Now even when successful, there are still the collateral problems that must be dealt with. Vancouver's waterfront developments have put tense pressures on nearby, low-income areas. All the development energy unbridled tends to destabilise vulnerable communities, leading to displacement and victimisation. At a different level, when you mix density with a diversity of land uses in close proximity, there can be some very rough interfaces and the environment can get pretty overbearing. And then, because the new waterfronts are so popular, residential use has been out-bidding all other uses, especially commercial. As a result, in recent months they have had to take decisive action to protect the key office areas from housing and to stop the conversion of office buildings to housing.

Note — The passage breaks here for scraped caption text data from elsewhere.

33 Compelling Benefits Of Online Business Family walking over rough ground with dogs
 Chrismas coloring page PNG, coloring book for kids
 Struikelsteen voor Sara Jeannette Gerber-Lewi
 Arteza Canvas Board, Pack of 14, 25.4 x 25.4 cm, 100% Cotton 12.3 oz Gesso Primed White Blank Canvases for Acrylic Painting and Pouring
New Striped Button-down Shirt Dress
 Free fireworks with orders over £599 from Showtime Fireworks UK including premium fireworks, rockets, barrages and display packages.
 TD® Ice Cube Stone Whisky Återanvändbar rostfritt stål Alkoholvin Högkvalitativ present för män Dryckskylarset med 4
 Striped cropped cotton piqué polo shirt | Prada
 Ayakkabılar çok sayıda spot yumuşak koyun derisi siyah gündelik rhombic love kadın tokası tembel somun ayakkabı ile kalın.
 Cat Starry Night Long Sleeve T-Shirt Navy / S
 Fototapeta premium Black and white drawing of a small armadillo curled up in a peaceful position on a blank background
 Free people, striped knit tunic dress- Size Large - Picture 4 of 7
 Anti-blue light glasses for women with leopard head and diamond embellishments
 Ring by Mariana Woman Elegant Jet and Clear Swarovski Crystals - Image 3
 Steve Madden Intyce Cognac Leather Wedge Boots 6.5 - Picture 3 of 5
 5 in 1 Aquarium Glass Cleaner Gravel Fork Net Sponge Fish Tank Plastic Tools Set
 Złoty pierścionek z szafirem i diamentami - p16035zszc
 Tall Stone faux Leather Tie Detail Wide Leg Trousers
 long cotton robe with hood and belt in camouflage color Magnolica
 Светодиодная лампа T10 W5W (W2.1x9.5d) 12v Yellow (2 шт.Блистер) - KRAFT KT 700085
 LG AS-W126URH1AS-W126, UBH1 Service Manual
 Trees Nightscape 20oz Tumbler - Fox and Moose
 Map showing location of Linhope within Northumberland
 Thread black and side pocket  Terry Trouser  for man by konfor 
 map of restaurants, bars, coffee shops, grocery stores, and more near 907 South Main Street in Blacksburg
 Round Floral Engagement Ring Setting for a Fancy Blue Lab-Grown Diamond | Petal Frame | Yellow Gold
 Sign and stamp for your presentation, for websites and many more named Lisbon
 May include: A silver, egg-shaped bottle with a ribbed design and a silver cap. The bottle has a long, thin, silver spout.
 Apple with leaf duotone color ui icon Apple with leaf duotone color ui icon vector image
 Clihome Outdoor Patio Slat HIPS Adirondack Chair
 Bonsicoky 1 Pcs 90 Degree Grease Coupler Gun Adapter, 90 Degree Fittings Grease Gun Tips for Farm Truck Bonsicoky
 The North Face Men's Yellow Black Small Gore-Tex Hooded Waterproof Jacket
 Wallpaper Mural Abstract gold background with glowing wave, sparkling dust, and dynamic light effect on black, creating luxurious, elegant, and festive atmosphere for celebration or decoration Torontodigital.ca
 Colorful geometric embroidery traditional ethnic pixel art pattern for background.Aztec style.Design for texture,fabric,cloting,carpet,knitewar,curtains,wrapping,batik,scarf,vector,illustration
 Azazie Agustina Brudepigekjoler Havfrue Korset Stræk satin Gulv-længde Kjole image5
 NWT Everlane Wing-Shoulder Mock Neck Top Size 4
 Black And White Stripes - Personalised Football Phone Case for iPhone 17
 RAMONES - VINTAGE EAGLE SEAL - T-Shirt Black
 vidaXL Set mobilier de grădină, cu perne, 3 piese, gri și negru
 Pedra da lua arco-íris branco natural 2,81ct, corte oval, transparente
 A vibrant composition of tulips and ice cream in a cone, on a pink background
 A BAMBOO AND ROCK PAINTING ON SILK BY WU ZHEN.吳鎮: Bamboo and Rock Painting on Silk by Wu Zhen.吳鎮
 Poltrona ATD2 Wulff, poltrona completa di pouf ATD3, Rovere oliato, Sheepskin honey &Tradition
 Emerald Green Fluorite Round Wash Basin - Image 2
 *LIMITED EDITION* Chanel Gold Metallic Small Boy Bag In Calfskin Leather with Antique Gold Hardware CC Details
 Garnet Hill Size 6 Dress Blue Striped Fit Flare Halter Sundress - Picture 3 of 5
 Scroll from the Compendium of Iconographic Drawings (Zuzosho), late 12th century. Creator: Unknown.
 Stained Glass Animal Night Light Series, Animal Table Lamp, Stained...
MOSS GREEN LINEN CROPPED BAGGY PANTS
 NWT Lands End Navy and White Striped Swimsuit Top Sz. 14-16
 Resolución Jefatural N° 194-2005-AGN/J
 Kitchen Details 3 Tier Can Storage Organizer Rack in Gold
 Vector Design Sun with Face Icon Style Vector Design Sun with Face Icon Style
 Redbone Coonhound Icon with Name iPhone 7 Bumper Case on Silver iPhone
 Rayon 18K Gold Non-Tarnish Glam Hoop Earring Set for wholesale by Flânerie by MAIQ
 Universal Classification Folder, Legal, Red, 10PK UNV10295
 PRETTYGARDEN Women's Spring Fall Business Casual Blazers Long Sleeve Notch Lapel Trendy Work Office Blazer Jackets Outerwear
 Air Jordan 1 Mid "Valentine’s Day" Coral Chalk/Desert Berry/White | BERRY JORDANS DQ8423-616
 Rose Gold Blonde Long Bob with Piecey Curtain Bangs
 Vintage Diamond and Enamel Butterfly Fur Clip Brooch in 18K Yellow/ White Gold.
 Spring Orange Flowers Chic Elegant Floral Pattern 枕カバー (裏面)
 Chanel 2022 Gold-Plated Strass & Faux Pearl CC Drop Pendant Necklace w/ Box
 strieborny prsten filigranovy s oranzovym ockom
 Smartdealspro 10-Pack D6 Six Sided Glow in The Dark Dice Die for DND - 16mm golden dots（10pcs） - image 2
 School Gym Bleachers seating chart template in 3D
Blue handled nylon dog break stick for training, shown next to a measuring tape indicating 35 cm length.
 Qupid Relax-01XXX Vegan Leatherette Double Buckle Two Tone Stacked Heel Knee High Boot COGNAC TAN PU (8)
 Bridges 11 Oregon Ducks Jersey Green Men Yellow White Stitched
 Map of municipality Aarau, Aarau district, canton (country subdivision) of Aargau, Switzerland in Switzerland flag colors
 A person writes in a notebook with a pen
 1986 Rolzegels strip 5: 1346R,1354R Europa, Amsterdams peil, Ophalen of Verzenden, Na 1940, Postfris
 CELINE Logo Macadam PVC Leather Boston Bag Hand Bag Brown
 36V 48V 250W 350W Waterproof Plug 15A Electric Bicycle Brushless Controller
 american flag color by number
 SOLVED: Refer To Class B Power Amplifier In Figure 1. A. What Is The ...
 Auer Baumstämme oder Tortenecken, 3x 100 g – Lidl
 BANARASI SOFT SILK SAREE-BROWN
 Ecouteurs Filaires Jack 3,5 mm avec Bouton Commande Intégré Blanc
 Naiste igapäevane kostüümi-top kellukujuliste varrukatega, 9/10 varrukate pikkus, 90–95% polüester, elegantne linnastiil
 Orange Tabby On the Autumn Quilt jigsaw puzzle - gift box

The regulatory framework and planning arrangements to manage this level of change and foster the architectural quality have required a re-invention of City Hall. They call the result the 'co-operative planning process' where citizens, developers, politicians, and city officials are brought together to work in concert on the new communities. There are several key aspects about Vancouver's system that are very helpful in coping with such huge planning areas as Vancouver's waterfront projects:

  • a highly discretionary regulatory framework that fosters experimentation and allows new and better ideas to come into play;
  • an apolitical development approval process;
  • a strong, proactive Planning Department;
  • a service-oriented bureaucracy to manage the actual development applications;
  • a deliberate planning process that builds consensus involves public consultation at every step along the way;
  • a process that brings public and private expertise around one table to plan and design;
  • an education program for City staff about the economics of development so that they can create a development quid pro quo that allows development but requires all the public goods to be offered up by the developer to support that development; and,
  • a whole new suite of standards for public amenities so they can deal equitably with many developers over an extended period of time. 
     
Based on Vancouver's assets and limitations, city planners have designed the kind of waterfronts that Vancouver's citizens want, giving them the kind of future city that they need - to both satisfy Vancouver's existing citizens and entice new citizens that will help them to build the robust, diversified economic and social base that is required. Vancouver's experience and its waterfront mega-projects has allowed it to realise that is the promise of a 'city by design.'

The above is a summary of a presentation from Mr. Larry Beasley, Ex- Co-Director of Planning of City of Vancouver, given to the Hong Kong Canadian Chamber of Commerce on May 24 2006.